— EXERCISE —
Retype every record that appears below, unchanged.

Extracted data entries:

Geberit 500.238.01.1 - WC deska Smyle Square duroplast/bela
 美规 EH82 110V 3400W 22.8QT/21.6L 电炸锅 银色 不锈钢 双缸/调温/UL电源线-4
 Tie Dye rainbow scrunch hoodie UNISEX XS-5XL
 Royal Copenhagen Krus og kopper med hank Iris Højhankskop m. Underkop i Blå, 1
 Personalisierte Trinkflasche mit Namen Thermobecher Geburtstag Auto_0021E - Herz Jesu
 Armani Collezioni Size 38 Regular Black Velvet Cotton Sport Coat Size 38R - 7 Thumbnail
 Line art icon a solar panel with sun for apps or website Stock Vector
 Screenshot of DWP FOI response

— OUTPUT FOR THIS EXERCISE —
Geberit 500.238.01.1 - WC deska Smyle Square duroplast/bela
 美规 EH82 110V 3400W 22.8QT/21.6L 电炸锅 银色 不锈钢 双缸/调温/UL电源线-4
 Tie Dye rainbow scrunch hoodie UNISEX XS-5XL
 Royal Copenhagen Krus og kopper med hank Iris Højhankskop m. Underkop i Blå, 1
 Personalisierte Trinkflasche mit Namen Thermobecher Geburtstag Auto_0021E - Herz Jesu
 Armani Collezioni Size 38 Regular Black Velvet Cotton Sport Coat Size 38R - 7 Thumbnail
 Line art icon a solar panel with sun for apps or website Stock Vector
 Screenshot of DWP FOI response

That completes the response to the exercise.